Someone else has probably suggested this, but I wonder if AMD didn't look at the Spectre/Meltdown stuff (and IIRC quite a few of the cloud processing setups disable multi-threading) and decide that pushing core counts would be especially beneficial at this time.
As for DX12, it'll take time as companies do new game engines that are built with it in mind (so that it won't take most developers that are using UE or Unity, etc, to implement it). That will probably start to happen this next go around. Doesn't the DX ray-tracing API that they're trying to push require DX12?

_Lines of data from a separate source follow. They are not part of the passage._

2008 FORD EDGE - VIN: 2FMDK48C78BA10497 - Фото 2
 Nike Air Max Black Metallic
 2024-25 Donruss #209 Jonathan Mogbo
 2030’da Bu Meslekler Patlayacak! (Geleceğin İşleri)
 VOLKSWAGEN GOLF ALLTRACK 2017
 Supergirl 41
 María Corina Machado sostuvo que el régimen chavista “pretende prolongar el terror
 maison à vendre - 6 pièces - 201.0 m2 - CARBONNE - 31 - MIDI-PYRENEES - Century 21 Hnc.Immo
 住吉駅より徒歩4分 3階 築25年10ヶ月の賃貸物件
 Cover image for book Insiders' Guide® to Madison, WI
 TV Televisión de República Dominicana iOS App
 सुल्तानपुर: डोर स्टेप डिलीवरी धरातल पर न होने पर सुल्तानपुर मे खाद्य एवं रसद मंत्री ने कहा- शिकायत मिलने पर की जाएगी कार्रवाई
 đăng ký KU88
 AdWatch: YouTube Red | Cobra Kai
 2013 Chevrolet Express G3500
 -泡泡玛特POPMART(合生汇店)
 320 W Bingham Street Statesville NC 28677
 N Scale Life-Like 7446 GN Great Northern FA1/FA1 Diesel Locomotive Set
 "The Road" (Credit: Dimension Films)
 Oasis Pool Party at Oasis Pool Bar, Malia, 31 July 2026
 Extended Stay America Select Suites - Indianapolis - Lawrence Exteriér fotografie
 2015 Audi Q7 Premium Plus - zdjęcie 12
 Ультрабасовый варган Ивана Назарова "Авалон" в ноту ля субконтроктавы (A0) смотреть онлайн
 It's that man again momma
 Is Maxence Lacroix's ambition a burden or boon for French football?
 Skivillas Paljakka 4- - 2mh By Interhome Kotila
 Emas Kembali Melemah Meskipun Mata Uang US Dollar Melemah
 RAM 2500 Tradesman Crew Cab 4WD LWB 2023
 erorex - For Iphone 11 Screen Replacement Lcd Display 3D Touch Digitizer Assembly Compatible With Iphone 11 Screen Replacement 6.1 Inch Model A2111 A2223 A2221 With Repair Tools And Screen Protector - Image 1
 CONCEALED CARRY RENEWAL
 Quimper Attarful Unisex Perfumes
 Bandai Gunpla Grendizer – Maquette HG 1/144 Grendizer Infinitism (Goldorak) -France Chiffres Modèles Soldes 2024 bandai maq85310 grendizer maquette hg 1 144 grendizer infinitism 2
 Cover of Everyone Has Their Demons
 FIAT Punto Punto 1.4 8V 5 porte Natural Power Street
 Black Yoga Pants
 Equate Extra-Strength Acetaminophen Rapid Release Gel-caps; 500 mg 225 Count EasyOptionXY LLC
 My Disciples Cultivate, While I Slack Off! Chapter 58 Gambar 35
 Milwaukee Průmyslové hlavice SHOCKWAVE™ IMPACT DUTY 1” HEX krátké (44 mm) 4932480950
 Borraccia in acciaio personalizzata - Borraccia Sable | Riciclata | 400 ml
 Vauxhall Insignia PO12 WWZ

I think the biggest issue is that DX12/Vulkan got announced pretty early into this current console generation, and even though their hardware supports it decently well, it wasn't ready soon enough for the major game engines of this gen to be developed with it in mind. They could patch it in but it was never going to usurp DX11 that quickly (which DX11 seems to have taken DX9's place as this weirdly dominant DX version for whatever reason).
I think that's why Microsoft added that DX draw call handler to the GPU in Scorpio, as they knew developers just weren't going do the extra work yet and so it was a way to ease that issue. Plus it has benefits for older games as well (wonder if it might have been necessary in order to do the 4K or higher framerate 1080p rendering on Scorpio of older games as they did their backwards compatibility push).
What would be really interesting is if the next gen engines better utilizing DX12/Vulkan, might actually enable ports of games using them to run better on the current gen than the current gen engines do, making them viable longer. Which for Sony and Microsofts sake, I hope they try and push utilizing the extra CPU grunt the next gen will bring to push for better game AI and physics.